Power Control of the K40 LPS

This has been moved from a DM between @jkwilborn & @donkjr to the forum for everyone’s benefit. We will continue it here.

Hi, I’ve had a couple of questions about K40s that I thought you could point me to some information on them.

How does the basic power control, ‘knob on console type’ work, hardware wise…

The simple answer is that the pot sets the duty cycle on a TL494 PWM controller which in turn drives an H switch that drives the HV transformer which in turn charges a voltage doubler. The drive to the HVT is sensed and fed back to the PWM control for current control.
In addition, a 600V power source is derived from the AC line using a very complex multiplying circuit.

More info on my blog: Don’s Laser Things: Search results for LPS circuits

Is there really any difference from one of the lps in the ‘China Blue’ that I have and the K40 other than cost or how it’s labeled.?

I would have to see a photo of the two LPS connectors to be sure. Generally, these 40W supplies are the same. The 50-60W I have seen have an upgraded HVT but the PCB circuits are the same. That said, I have seen a few new LPS designs that are not the same as the typical K40. I have also seen 80W configurations with the same circuitry and 2x HVT’s.

If it sets the pwm, how is the controller able to change it for power control?

In my recommended configuration the LPS power is controlled by PWM from two places;

  • the controller connected to L with a PWM signal
  • the pot connected to IN controls the internal PWM signal

The resulting PWM for the system is the product of the two PWM values.
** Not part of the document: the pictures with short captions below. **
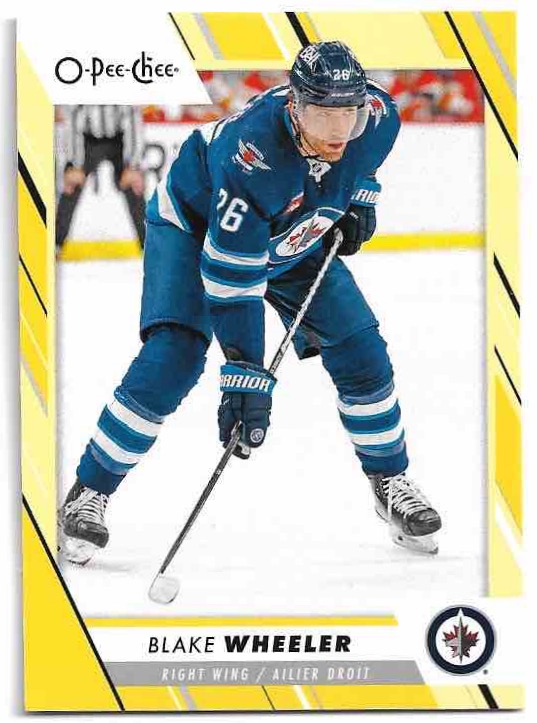 Yellow Border BLAKE WHEELER 23-24 UD O-Pee-Chee OPC
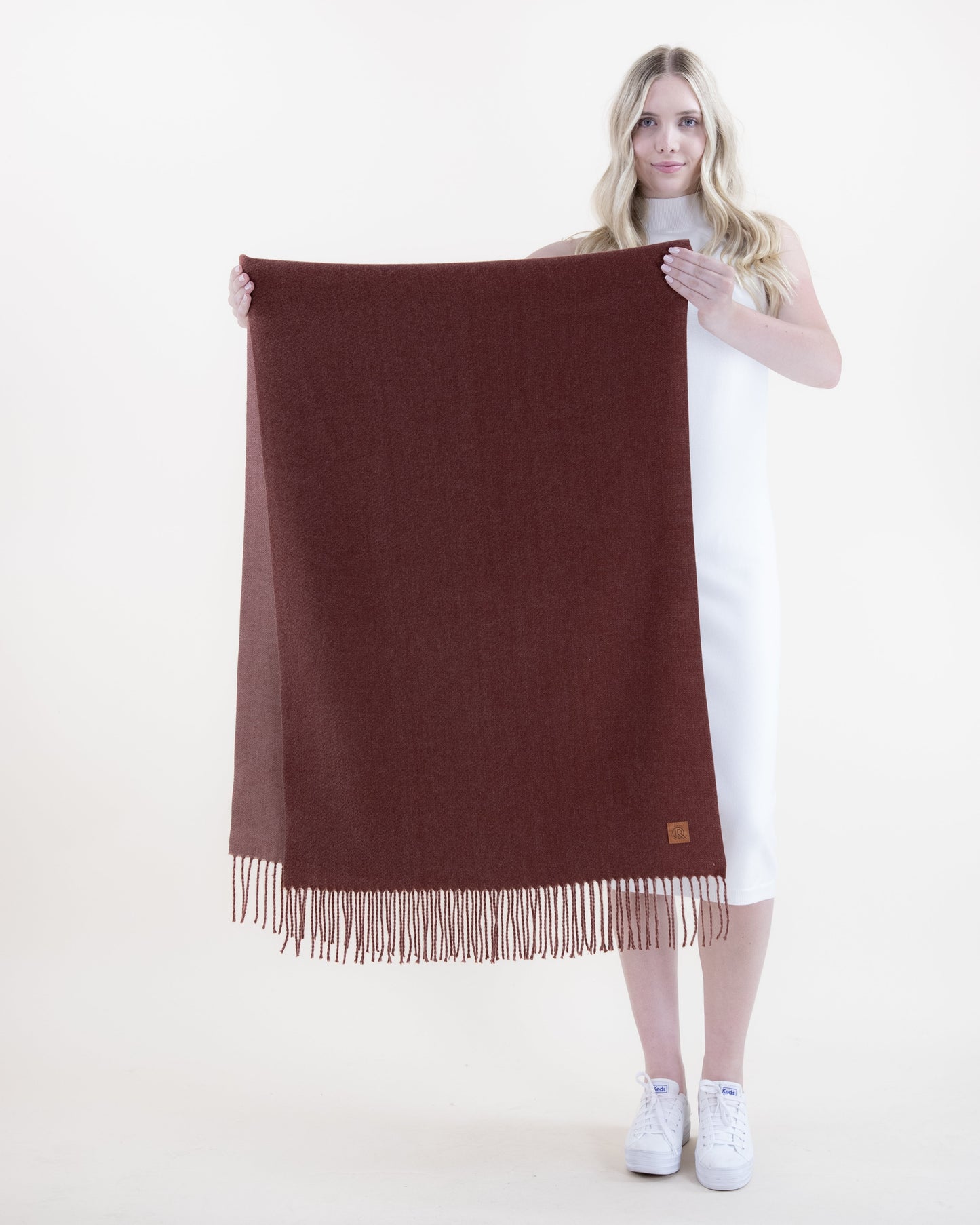 Wool Feel Solid Color Scarf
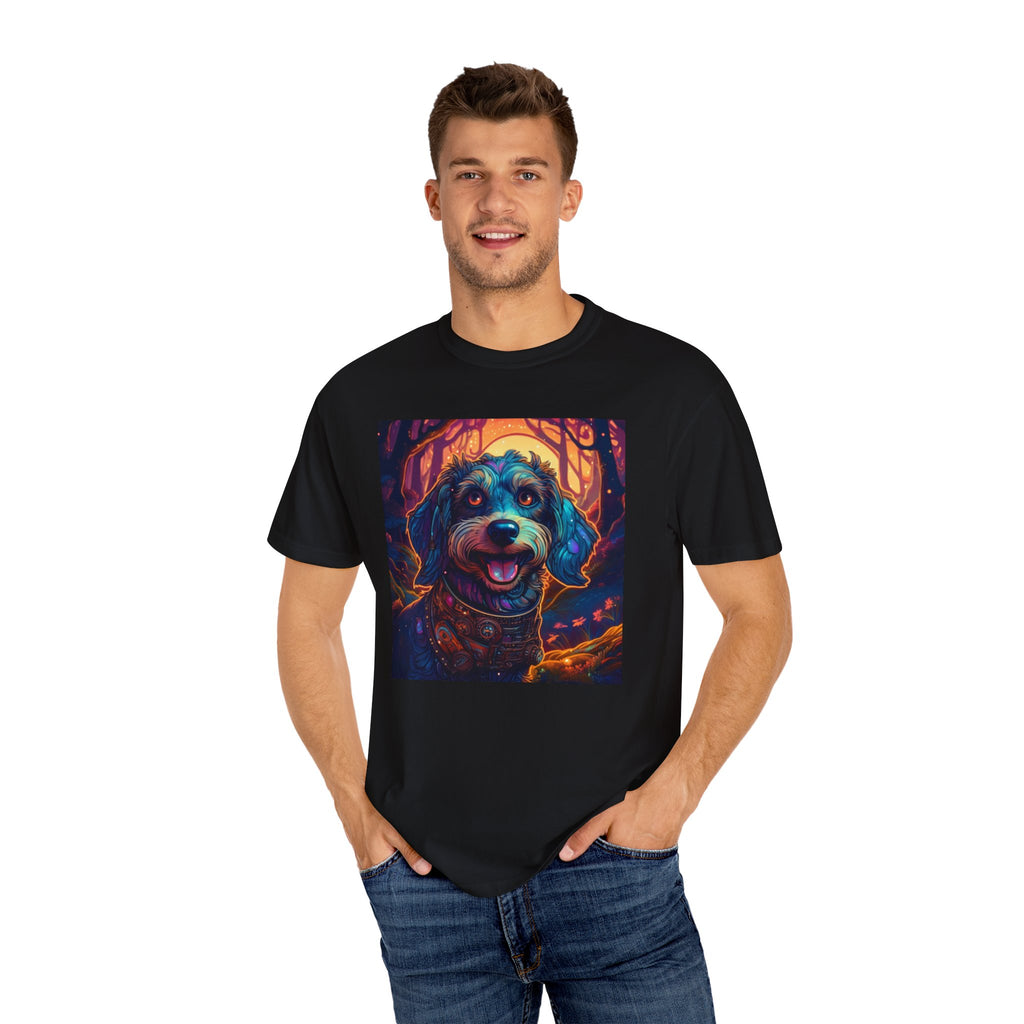 Steampunk Dachshund Unisex Garment-Dyed T-shirt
Does this function the same if they replace the K40 controller with a different one.?
I would assume they both have some kind of control via the PWM from the controller.

To my knowledge, the stock K40 controller only dithers and does not control power from the L pin. It turns the beam on and off with the L signal while the power level is controlled with the pot.
I am not sure how this changes if the stock controller is driven by the newer versions of compatible software.
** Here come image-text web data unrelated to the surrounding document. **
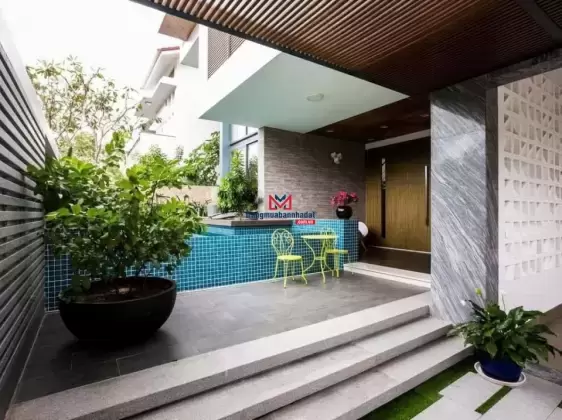 Biệt thự 3 tầng thiết kế đẹp hiện đại, không gian mở thoáng mát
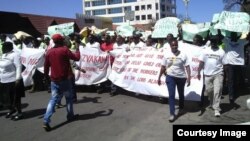 NRZ workers staged peaceful protests in Zimbabwe's second largest city, Bulawayo, protesting against non-payment of salaries. 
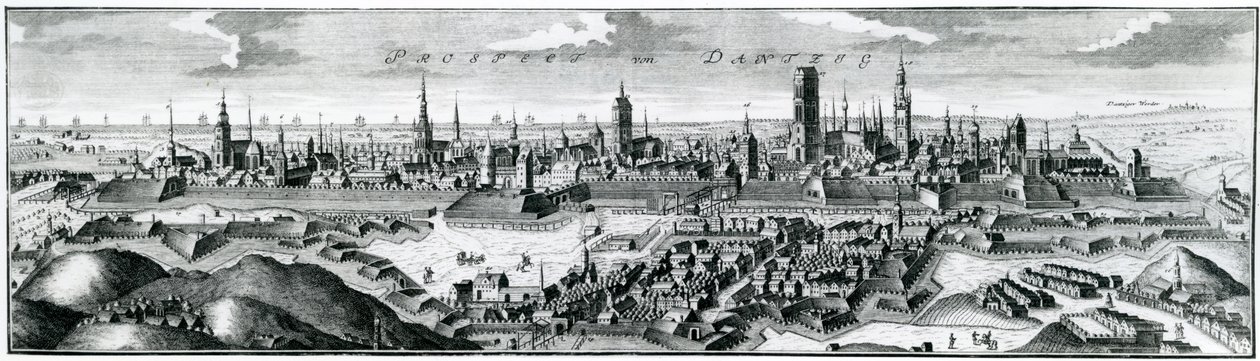Vue panoramique de Danzig (Gdansk) - German School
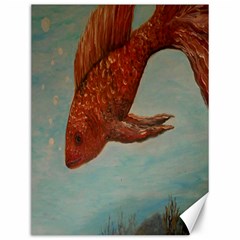 Gold Fish Canvas 12  X 16  (unframed)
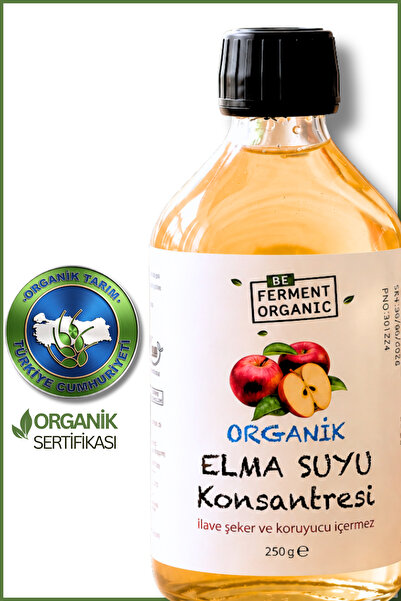 BE FERMENT Organik Elma Suyu Konsantresi 250 G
More on my blog: Don's Laser Things: Engraving and PWM Control

I’ll have to look through your stuff and see if I can find a simple schematic… I’ve looked at the tl494 controller, so I’m somewhat aware of its functionality.

My schematic is posted on this forum but I did not create a simple or summary schematic. I can create one if you think it would help.

Aware of the hv lps and it’s basic operation, but haven’t really examined the current feedback area.

The current feedback mechanism has always been somewhat of a mystery to me. The current feedback seems open loop to me in that it is not actually measuring the current through the tube. Rather it indirectly measures the current in the output stage. When the tube (a negative resistance device) discharges the current waveform is a complex avalanche of current. I am not clear on how a closed-loop approach would be implemented or perhaps even necessary. I ended up figuring that since it works it must be sufficient.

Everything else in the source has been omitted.